On Thursday, 1 September 2016 at 12:04:51 UTC, qznc wrote:
On Thursday, 1 September 2016 at 08:04:00 UTC, Bienlein wrote:
D has a lot to offer with regard to functional programming. It
has pure functions and true immutable classes (true = also sub
objects become immutable), which Scala all doesn't have
(because of restrictions of the JVM). Does D have tail call
recursion optimization? I don't know, actually. If D had that
and pattern matching, it would beat Scala with all it's hype
by a big leap.
D does not guarantee tail calls, but the compiler might
sometimes decide to do it. Functional programmer usually want
to guarantee, so they don't have to write a loop.

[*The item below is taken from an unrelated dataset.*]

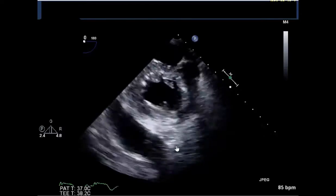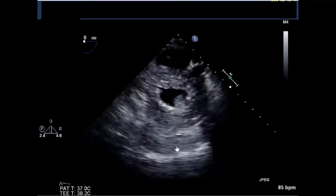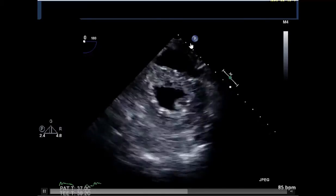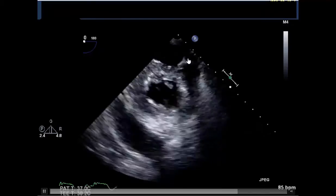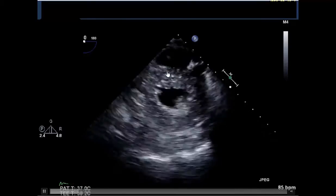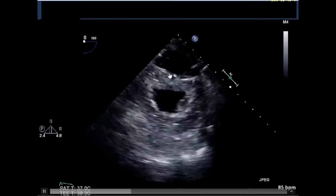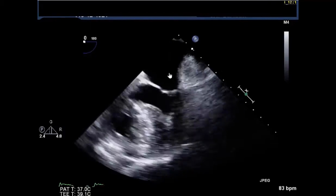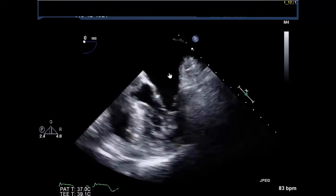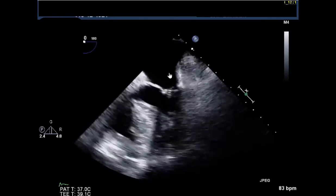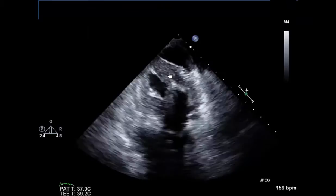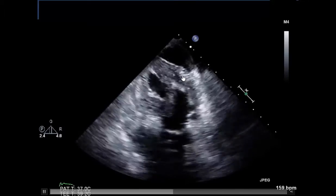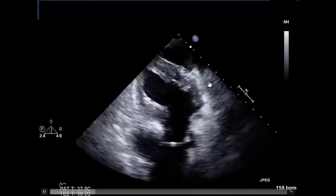At that point, we intubated the patient because he was having chest discomfort and performed a transesophageal echocardiogram, which showed a loculated collection of blood on the posterior lateral wall, consistent with the space seen on angiography. However, overall function was normal. There was no compression of the RV and no compression of the left atrium, which is sometimes seen with perforation in previous bypass patients. There was a loculated hematoma preventing expansion of the lateral wall.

The downside
of TCO is that the stack trace is missing frames, which can be
very confusing.
There's a DIP about adding a TCO attribute/pragma:
https://github.com/dlang/DIPs/pull/6
FYI: There's some discussion about it's benefit in comparison to
functional language D does have loops and it's a lot easier to
write and read them.
If you want to chime in, please do so at the PR discussion.
D has no syntax for pattern matching, but some library support:
https://p0nce.github.io/d-idioms/#Recursive-Sum-Type-with-matching
Yep it's pretty easy to do within library code, if you use an
object chain you might also want to have a look at castSwitch.